──────── PROVIDED RECORDS

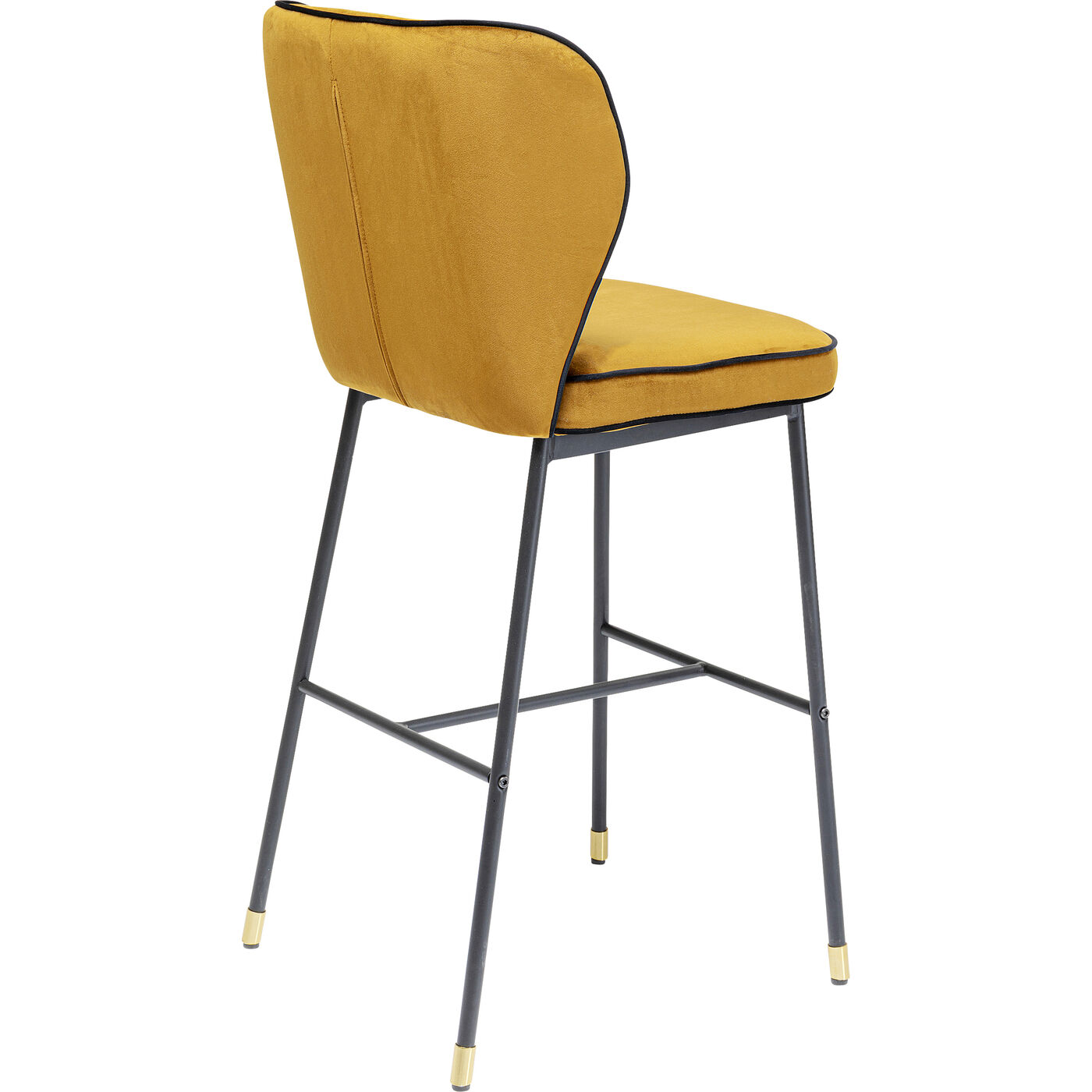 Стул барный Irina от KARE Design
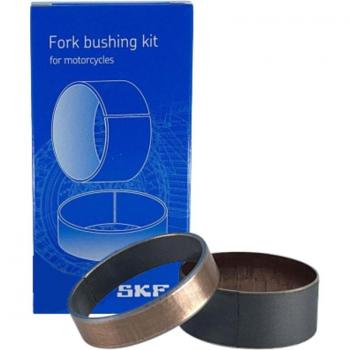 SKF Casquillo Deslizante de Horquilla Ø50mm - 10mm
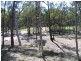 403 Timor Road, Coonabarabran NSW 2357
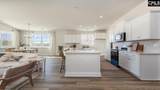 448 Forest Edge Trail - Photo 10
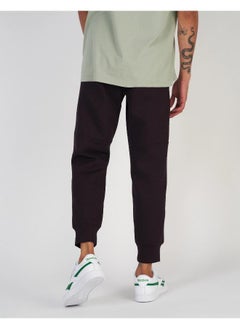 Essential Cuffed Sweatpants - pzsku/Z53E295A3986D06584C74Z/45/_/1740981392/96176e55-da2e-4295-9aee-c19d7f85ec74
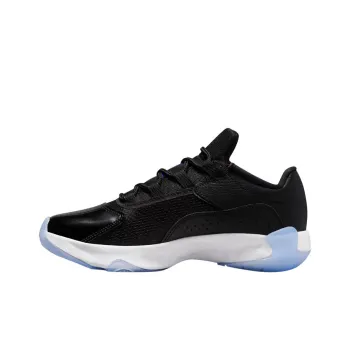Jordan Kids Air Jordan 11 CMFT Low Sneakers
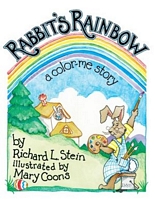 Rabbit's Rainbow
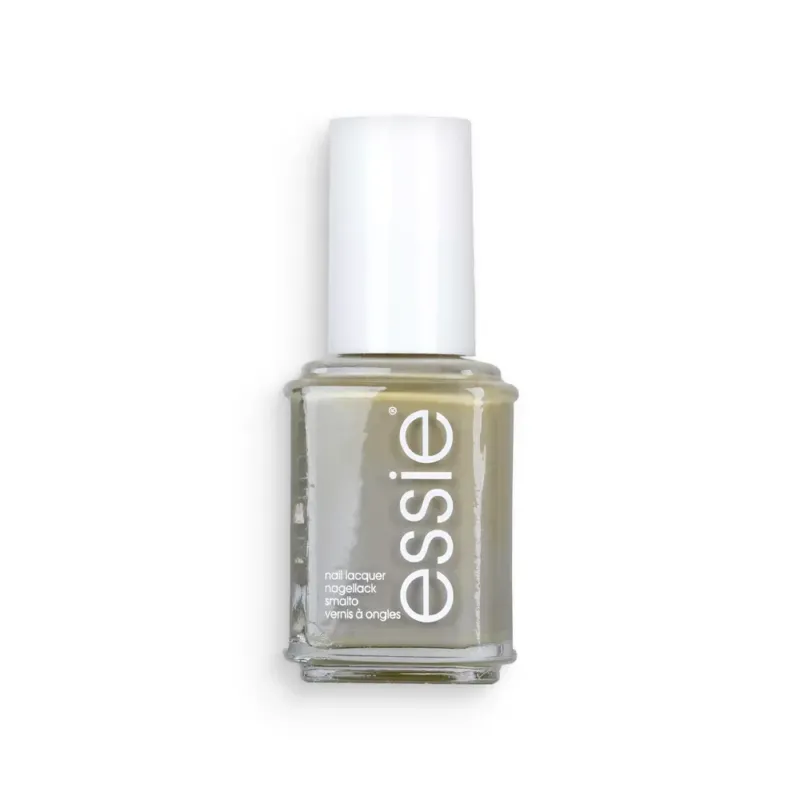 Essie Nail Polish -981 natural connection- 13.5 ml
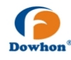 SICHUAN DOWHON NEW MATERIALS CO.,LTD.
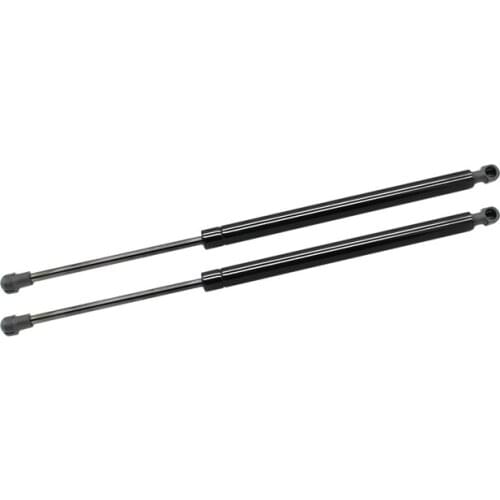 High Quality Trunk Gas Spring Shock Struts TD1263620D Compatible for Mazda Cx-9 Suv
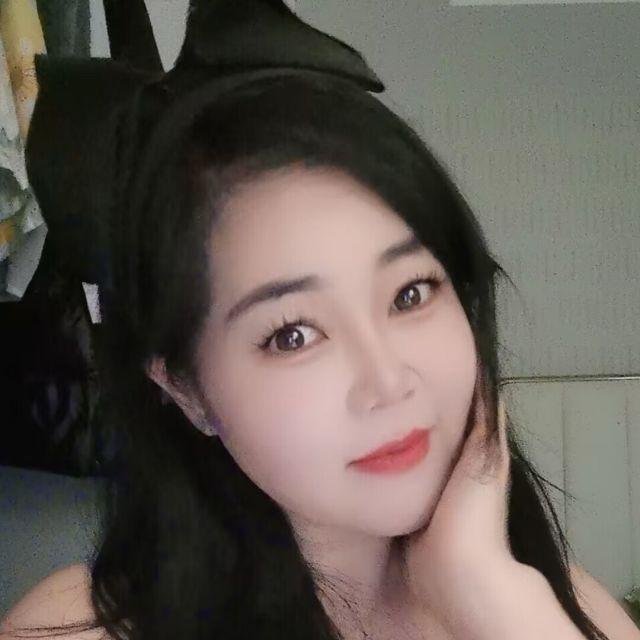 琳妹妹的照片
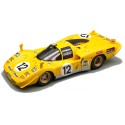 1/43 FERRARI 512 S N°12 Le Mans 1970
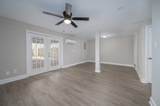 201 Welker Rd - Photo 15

────────────────

▶ _WHAT THE TASK ASKS_
Please restate the entries word for word, with all pictures left out.

▶ _TASK OUTPUT_
 Стул барный Irina от KARE Design
 SKF Casquillo Deslizante de Horquilla Ø50mm - 10mm
 403 Timor Road, Coonabarabran NSW 2357
 448 Forest Edge Trail - Photo 10
 Essential Cuffed Sweatpants - pzsku/Z53E295A3986D06584C74Z/45/_/1740981392/96176e55-da2e-4295-9aee-c19d7f85ec74
Jordan Kids Air Jordan 11 CMFT Low Sneakers
 Rabbit's Rainbow
 Essie Nail Polish -981 natural connection- 13.5 ml
 SICHUAN DOWHON NEW MATERIALS CO.,LTD.
 High Quality Trunk Gas Spring Shock Struts TD1263620D Compatible for Mazda Cx-9 Suv
 琳妹妹的照片
 1/43 FERRARI 512 S N°12 Le Mans 1970
 201 Welker Rd - Photo 15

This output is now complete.